INPUT FOR THIS TASK:

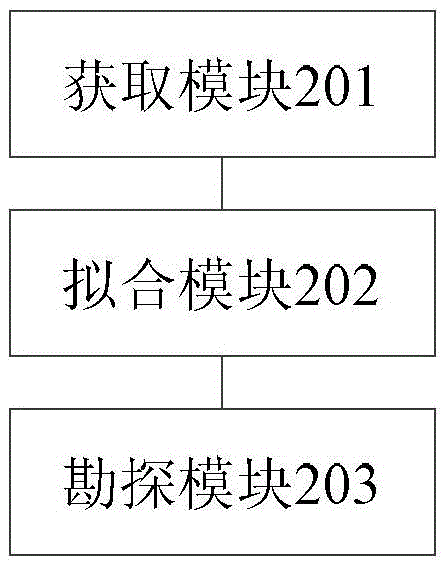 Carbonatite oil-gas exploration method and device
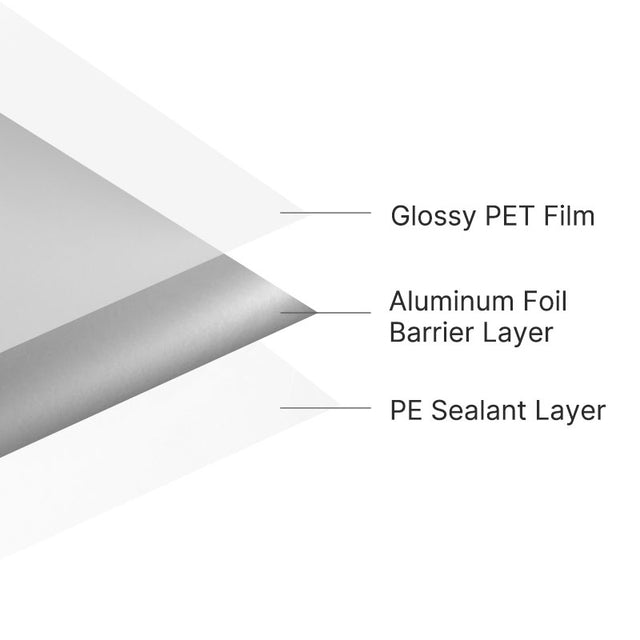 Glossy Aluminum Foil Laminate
---
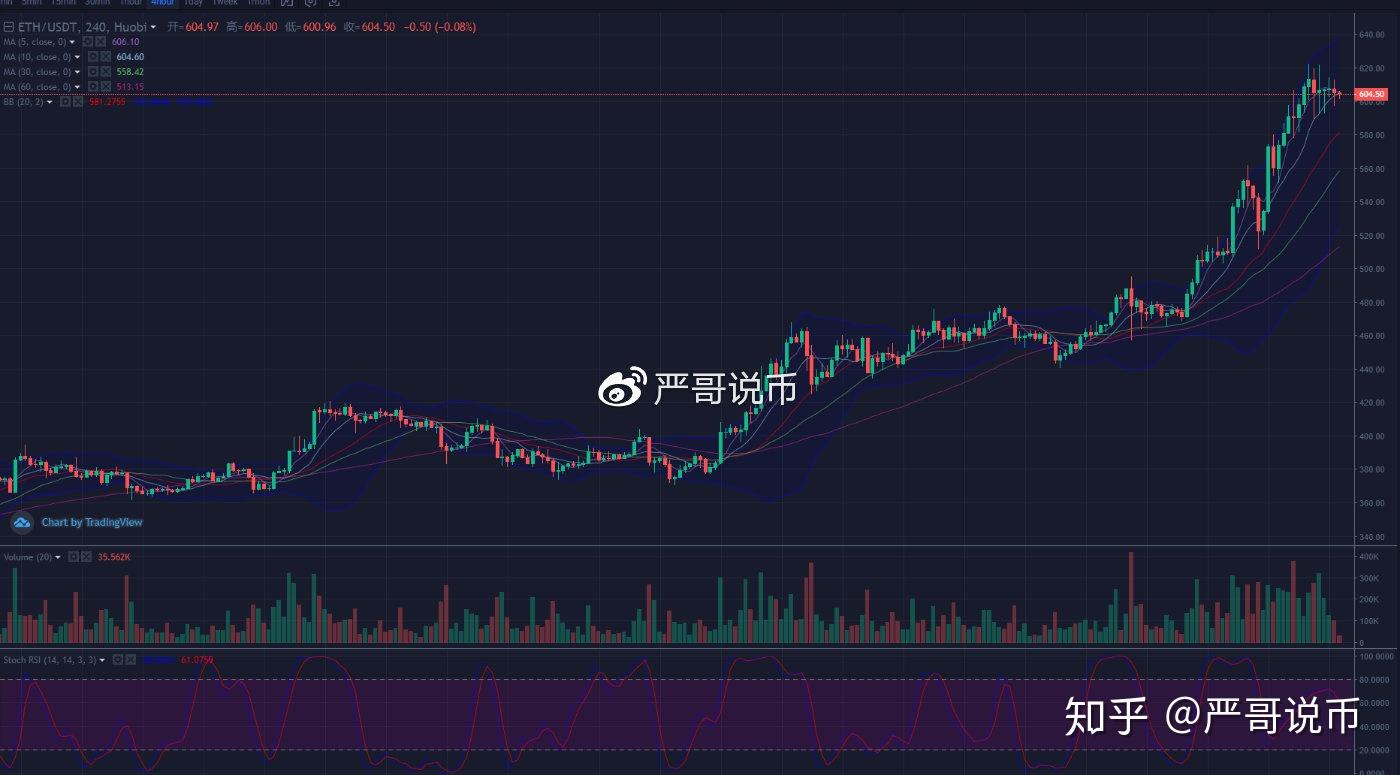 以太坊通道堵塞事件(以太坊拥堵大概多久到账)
==
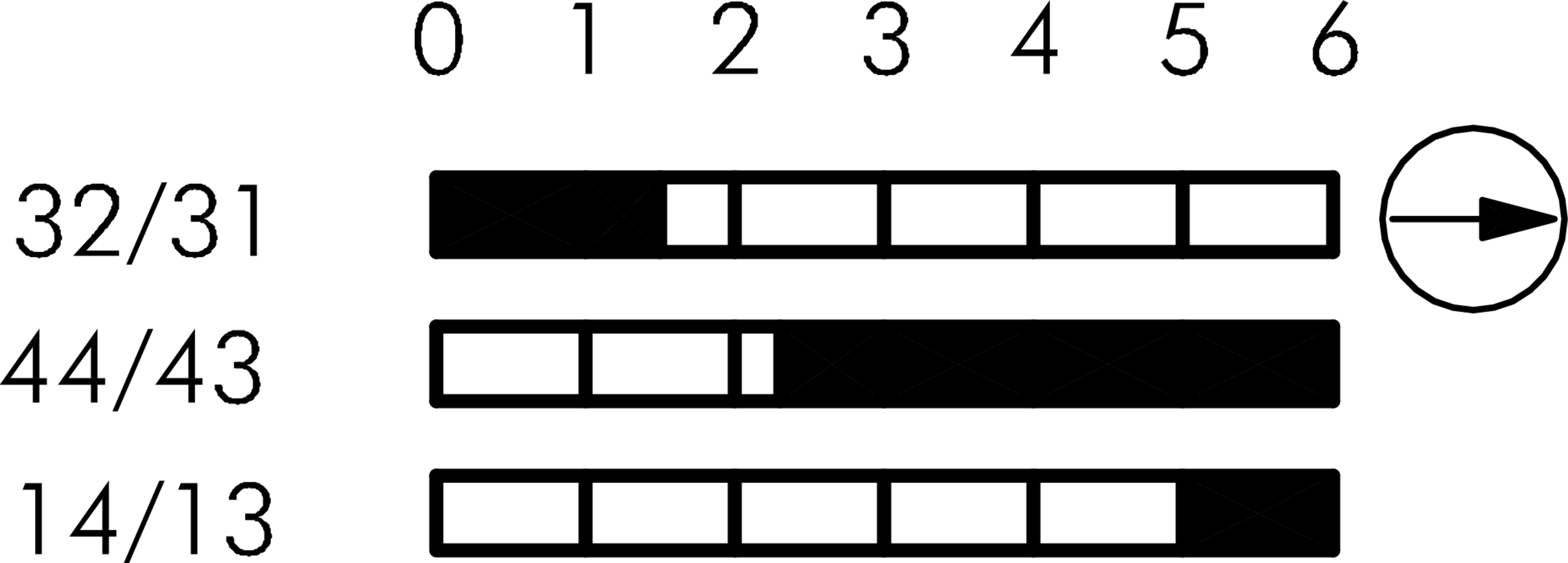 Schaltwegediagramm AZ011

YOUR OBJECTIVE:
Word for word, write out the lines above running from the one with "Carbonatite oil-gas exploration" up to and including the one with "Glossy Aluminum Foil Laminate". Drop any picture.

WRITTEN RESPONSE:
 Carbonatite oil-gas exploration method and device
 Glossy Aluminum Foil Laminate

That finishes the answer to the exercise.